Question pleine de sens par les temps qui courent! D’un visuel parlant, avec un brin d’humour, la caricature de Côté, parue dans Le Soleil le 19 octobre, nous montre bien les multiples raisons qui pourraient individuellement et collectivement nous mener tout droit vers une dépression majeure. Voir encadré :
J’ai de la chance
Oui, j’ai de la chance. Chaque jour, je suis en contact (virtuel bien sûr) avec des gens qui cherchent, qui luttent, qui se questionnent et qui, comme Louise 82 ans, comprennent l’importance de faire avec, de faire autrement. Louise incarne parfaitement cet énoncé. Oui, 82 ans… Madame Louise, comme je l’appelle, applique sans trop le savoir, une recette gagnante pour non seulement traverser les moments difficiles, mais aussi apprendre de ces moments.
Comment fait-elle ?
Laissez-moi vous nommer les traversées « pas faciles », comme elle le dit, auxquelles elle a dû faire face ces cinq dernières années et comprendre à travers ses propres mots ce qu’elle a investi pour réussir.

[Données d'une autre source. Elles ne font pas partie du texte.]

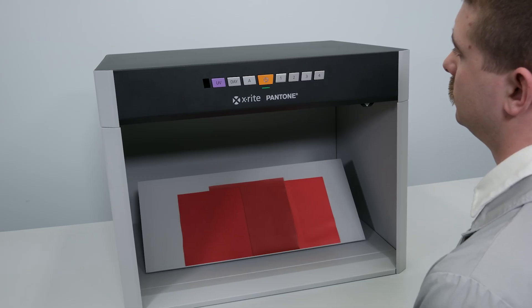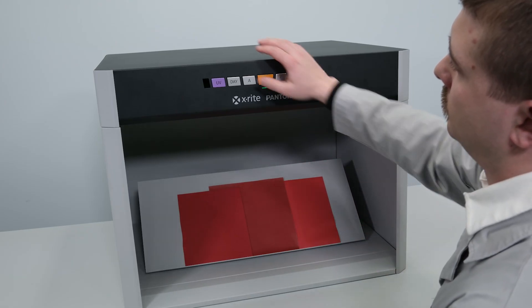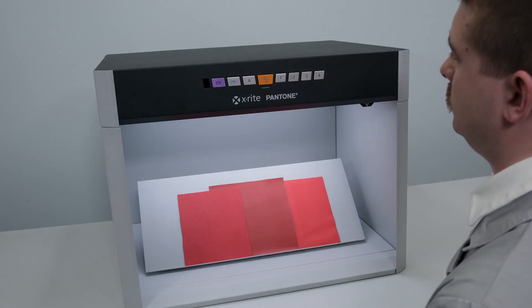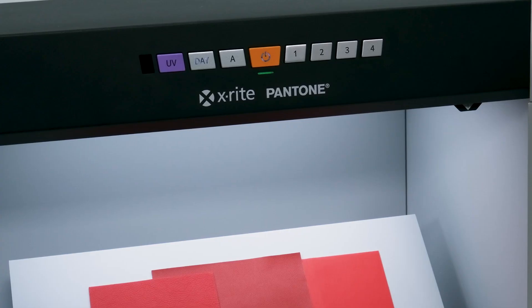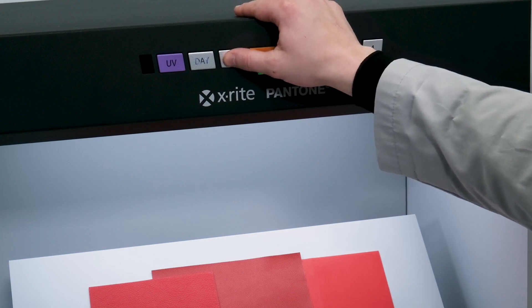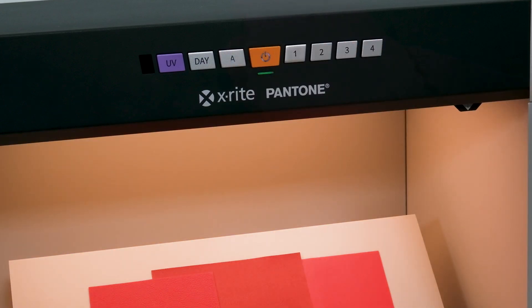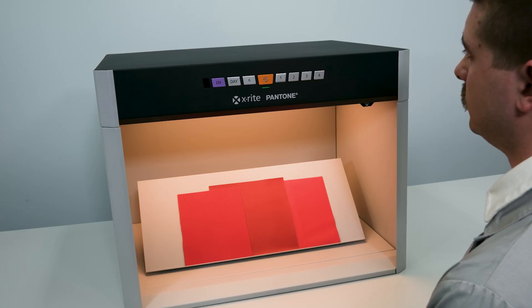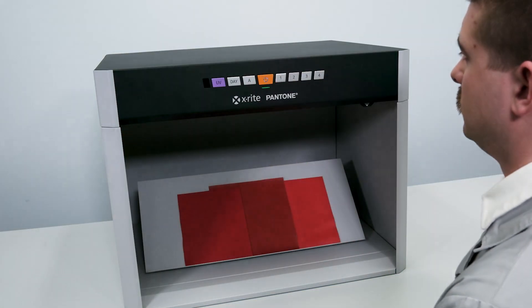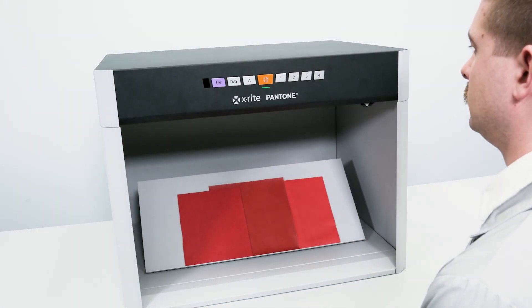To turn on an illuminant, simply press the desired button. To switch to a different illuminant, press the button for the illuminant you want to change to. The previous illuminant will automatically switch off. Push the same illuminant button again to turn it off.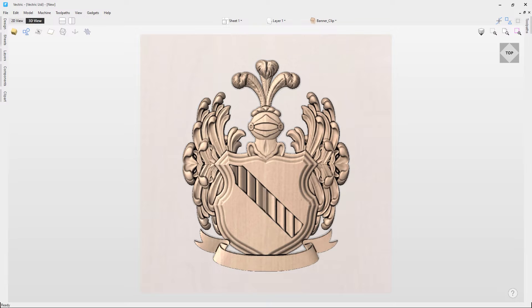In this video we're going to introduce you to level effects. These effects are a great way to non-destructively edit your clip art. Once we show you how they work, we're then going to take those level effects and use them to help create this coat of arms that you can see here.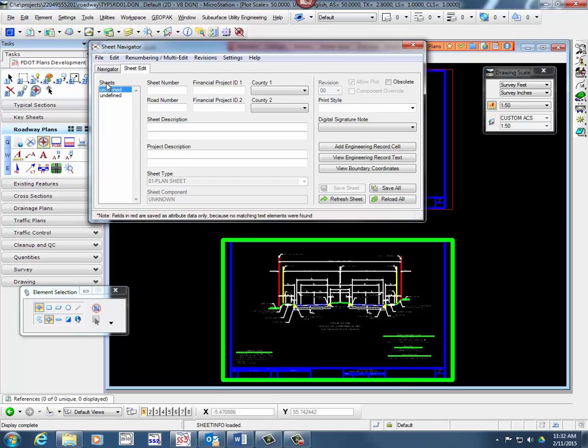Type in a value for the sheet number. Type in a value for the Financial Project ID.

- Faire le deuil de son mari Alzheimer
Pour vivre les deuils, j’ai pris l’exemple de ma mère. Comme elle, je me dis que la mort fait partie de la vie, qu’on doit s’y attendre… comme on doit s’attendre à ce que, pour nous aussi, il va y avoir une fin. C’est mieux de ne pas lutter contre cette réalité. Je n’ai pas peur de la mort, parce que j’aime la vie et c’est mon choix de vivre. J’espère seulement ne jamais être un poids pour personne. Je repense souvent que j’ai eu une belle vie. J’ai été chanceuse. Je suis reconnaissante envers mes parents, mon mari, mes enfants et les gens ici… ils sont gentils. Ils ne sont pas trop « chialeux ». Je n’aimerais pas ça. Je me tiens avec des gens agréables. Je ne veux pas rouspéter sur les choux de Bruxelles trop cuits… J’en ai déjà mangé des meilleurs.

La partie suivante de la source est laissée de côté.